In general, basic estate planning involves a simple will and maybe a living trust. However, if you have high-value assets including real estate, a comprehensive stock portfolio and other complex investments, you may want to consider taking a more advanced approach to estate planning. Beefing up your estate plan can not only help reduce estate taxes, it can protect your wealth for future generations.

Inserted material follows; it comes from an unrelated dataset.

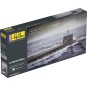 HEL-81075-Sous-marin Le Redoutable 1/400 Heller - HEL-81075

While there are numerous benefits to drafting even a basic estate plan for your property in the Hudson area, it can be much more beneficial to do some advanced estate planning. Here are some common benefits of putting an advanced estate plan in place.

Reduction in estate taxes

Like many people, you probably want to reduce your tax burden as much as possible. While you may be taking steps to reduce your annual income tax liability each year, don’t forget that your estate may also be subject to taxes when you die. If you want to limit these taxes so that your heirs and beneficiaries receive as much of your estate as possible, you may want to consider moving your assets into an irrevocable trust for the eventual transfer. If the trust is irrevocable, then the assets are technically owned by the trust and not by you personally. This means that in the eyes of the Internal Revenue Service (IRS), these assets are not part of your taxable estate.

Leave behind a legacy

If you are concerned for future generations beyond your children, you may be looking for a way to transfer your assets to grandchildren, great-grandchildren and so on. There are various trusts available that can safeguard your wealth so that it can be passed down to future family members. Some trusts can be in effect for hundreds of years or even perpetuity.

Protect your assets

Whether you have only accumulated a little bit of wealth or you own extensive property, advanced estate planning can protect your assets. For instance, you might work in a profession that has a high risk of litigation. You may be able protect your property from a lawsuit by transferring your assets to a trust. Moreover, moving your property into a trust might also help protect it from the ravages of divorce, creditors and other situations that could seriously damage your finances.

If you have not started the estate planning process, it is not too late. Whether you have a little or a lot, there is no time like the present to take steps to protect the assets you have worked so hard to accumulate.